Comment by lurk2

5 months ago

> This is why all the moderation pushes toward deleting duplicates of questions, and having a single accepted answer.

Having duplicates of the question is precisely why people use LLMs instead of StackOverflow. The majority of all users lack the vocabulary to properly articulate their problems using the jargon of mathematicians and programmers. Prior to LLMs, my use case for StackOverflow was something like this:

30 minutes trying (and failing) to use the right search terms to articulate the problem (remember, there was no contextual understanding, so if you used a word with two meanings and one of those meanings was more popular, you’d have to omit it using the exclusion operator).

30 minutes reading through the threads I found (half of which will have been closed or answered by users who ignored some condition presented by the OP).

5 minutes on implementation.

2 minutes pounding my head on my desk because it shouldn’t have been that hard.

With an LLM, if the problem has been documented at any point in the last 20 years, I can probably solve it using my initial prompt even as a layman. When you’d actually find an answer on StackOverflow, it was often only because you finally found a different way of phrasing your search so that a relevant result came up. Half the time the OP would describe the exact problem you were having only for the thread to be closed by moderators as a duplicate of another question that lacked one of your conditions.

> Having duplicates of the question is precisely why people use LLMs instead of StackOverflow. The majority of all users lack the vocabulary to properly articulate their problems using the jargon of mathematicians and programmers.

Yes; so the idea is they fail to find the existing question, and ask it again, and get marked as a duplicate; and then everyone else with the same problem can search, possibly find the new duplicate version, and get automatically redirected to the main version with high quality answers.

  • Yes but that only works if the questions are identical. Often however they are merely similar, but closed as duplicates nonetheless.

    • No, that is completely wrong. It is exactly because the questions are not identical that the system works. That is what allows for multiple versions of a popular, important question to catch attention from search engines, and send everyone to the same, correct place.

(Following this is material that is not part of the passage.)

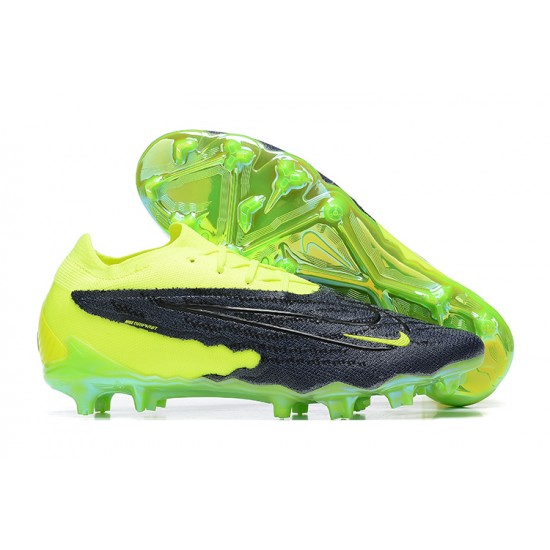 Nike Phantom GX Elite FG Green Black Women And Men Soccer Cleats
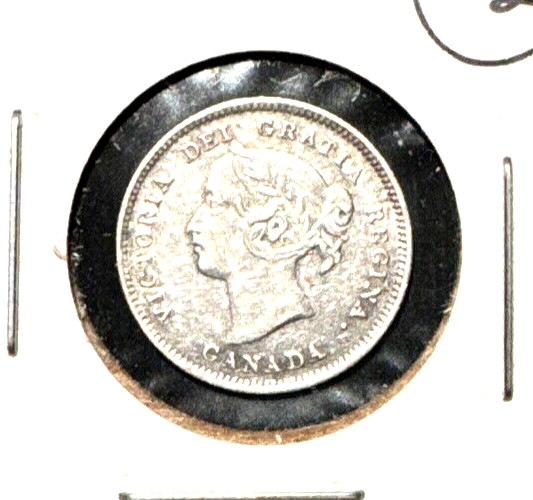 Canada 1901 silver five cents KM 2 XF (2)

      Perhaps your objection is that, because the target question is not literally identical (for example, maybe a code sample has different variable names, or the setup has an irrelevant difference in the container type used for a collection, etc.) that the answers don't literally answer the new version of the question. That is completely missing the point. It's not a forum. The Q&A format is just the way that information is being presented. Fixing the issue in your, personal code is not, and never has been, the goal.

      34 replies →

  • > Yes; so the idea is they fail to find the existing question, and ask it again, and get marked as a duplicate

    Users would fail to find the existing question not because there was an abundance of poorly-worded questions, but because there was a dearth of questions asked using lay terminology that the user was likely to use.

    Users were not searching for error codes but making naive preliminary searches like “XYZ doesn’t work” and then branching off from there. Having answers worded in a variety of ways allowed for greater odds that the user would find a question written the way he had worded his search.

    Redirecting users to an older answer also just added pointless friction compared to allowing for the answer from the original question to be reposted on the duplicate question, in the exceedingly rare instances

    I understand the motive behind wanting to exclude questions that are effectively just: “Do my work for me.” The issue is you have users actively telling you that the culling process didn’t really work the way it was supposed to, and you keep telling them that they are wrong, and that the site actually works well for its intended purpose—even though its intended purpose was to help users find what they were looking for, and they are telling you that they can’t.

    Part of StackOverflow’s decline was inevitable and wouldn’t have been helped by any changes the site administrators could have made; a machine can simply answer questions a lot faster than a collection of human volunteers. But there is a reason people were so eager to leave. So now instead of conforming to what users repeatedly told the administrators that they wanted, StackOverflow can conform to being the repository of questions that the administrators wanted, just without any users or revenue besides selling the contributions made by others to the LLMs that users have demonstrated they actually want to use.

> to properly articulate their problems using the jargon of mathematicians and programmers

I once distilled a real-life problem into mathematical language exactly like how the Introduction to Algorithms book would pose them only to have the quesiton immediately closed with the explanation "don't post your CS homework".

(My employer at the time was very sensitive about their IP and being able to access the Internet from the work computer was already a miracle. I once sat through a whole day of InfoSec and diciplinary meetings for posting completely dummy bug repoduction code on Github.

  • "don't post your CS homework" is exactly the type of toxic comments that are not allowed on the site. Such a comment should have been flagged and would be deleted by moderators. Homework questions are welcome on SO.